Mazur’s students had always positively evaluated his teaching, and their performances on
exams were quite good. Yet, even some of the high performing students did not fully
grasp the basic concepts (Mazur, 1997). In fact, this turns out to be one of the most
revealing finding of large scale FCI data studies. Indeed, a meta-analysis of more than
6500 respondents (Hake, 1998) has shown that a semester of traditional instruction
changes only marginally students’ conceptual understanding4 of physics. Furthermore,
this gap between what instructors think their students understand and what the FCI shows
has made the FCI “the most widely used and thoroughly tested assessment instrument” in
physics (McDermott & Redish, 1999) and has rendered the FCI into the central role in
driving the physics reform efforts of the past decade (Crouch et al, 2001).
Development of the Method
Although Mazur’s students were quite proficient in traditional problem solving,
he decided to explicitly address his students misunderstanding of basic concepts. This
required making some modifications to the instruction format. Mazur decided to present
students with a brief lecture (7-10 minutes, within limits of average adult attention span),
the content of these lectures being similar to traditional curriculum differing only by an
increased emphasis on non-algorithmic concepts. After the brief lecture, students were
presented with a ConcepTest: a multiple choice conceptual question having
misconceptions available as possible answers. To gauge what all students were thinking,
each student was given five flashcards each with a letter (A,B,C,D,E) corresponding to
the five available choice of answers. When presented with a ConcepTest, students would
raise the flashcard corresponding to their preferred choice.

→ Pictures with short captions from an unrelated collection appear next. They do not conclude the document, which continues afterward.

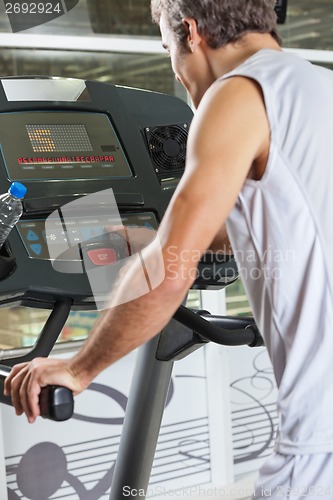 Image of Man Pressing Program Button on Treadmill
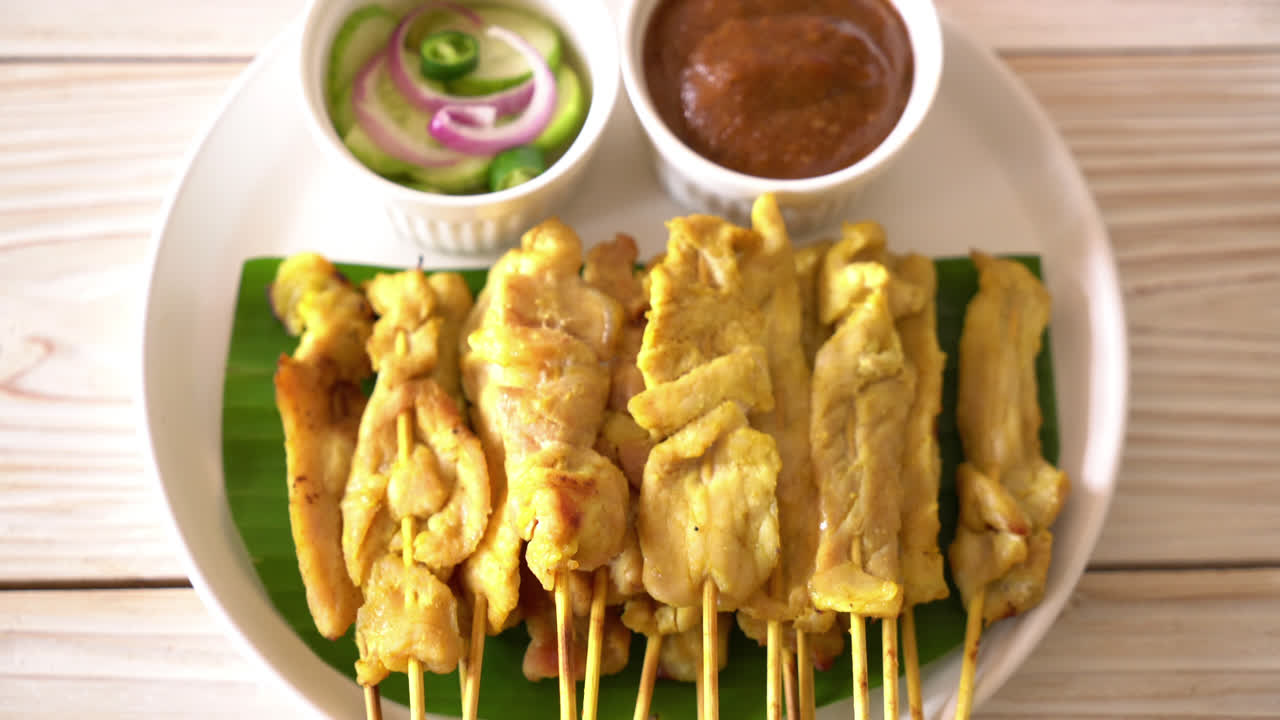 Pork satay - Grilled pork served with peanut sauce or sweet and sour sauce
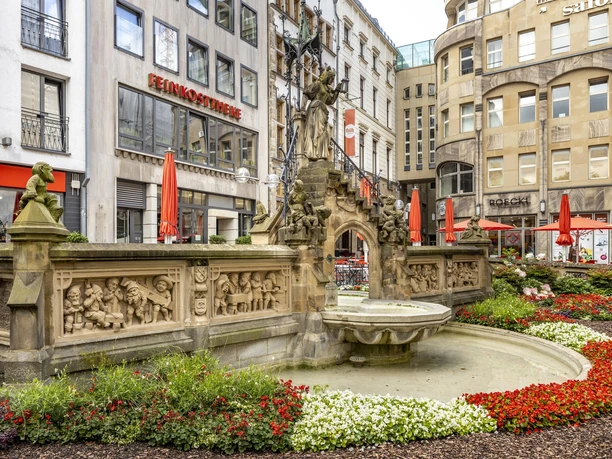 Heinzelmaennchenbrunnen Ein kunstvoller Brunnen mit Skulpturen inmitten urbaner Umgebung.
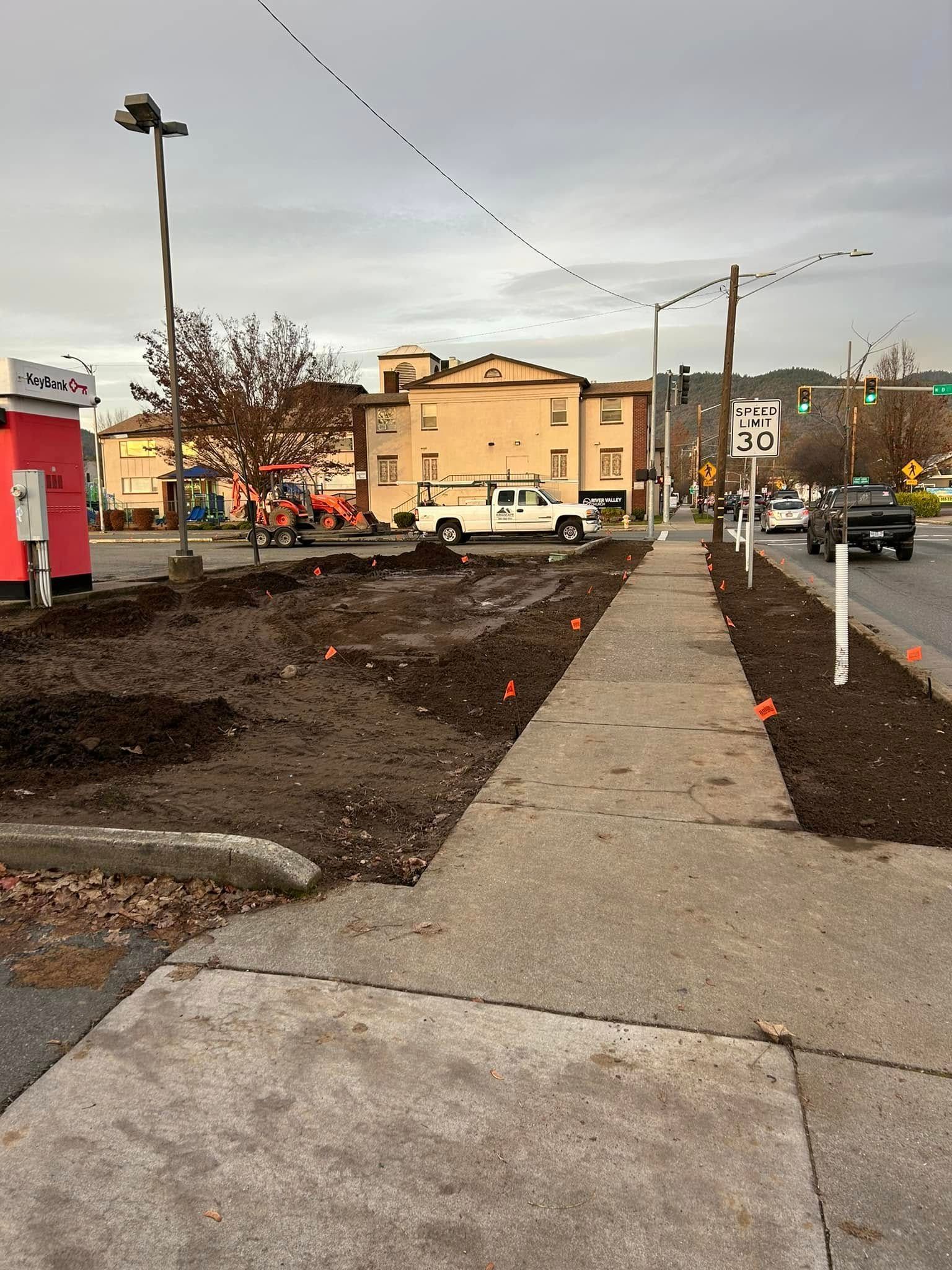 A white truck is parked on the side of the road next to a sidewalk.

4 Data suggests that traditional instruction yields “normalized gains” <g> of approx 20%. This implies that 80% of missing basic concepts on entry are still not acquired after a semester of traditional instruction. Note that <g> is defined as: <g> = (Post-test score% - Pre-test score%)/(100%- Pre-test score%) Which is the ratio of the actual gain (<%post> - <%pre>) by the maximum possible gain (100% - <%pre>).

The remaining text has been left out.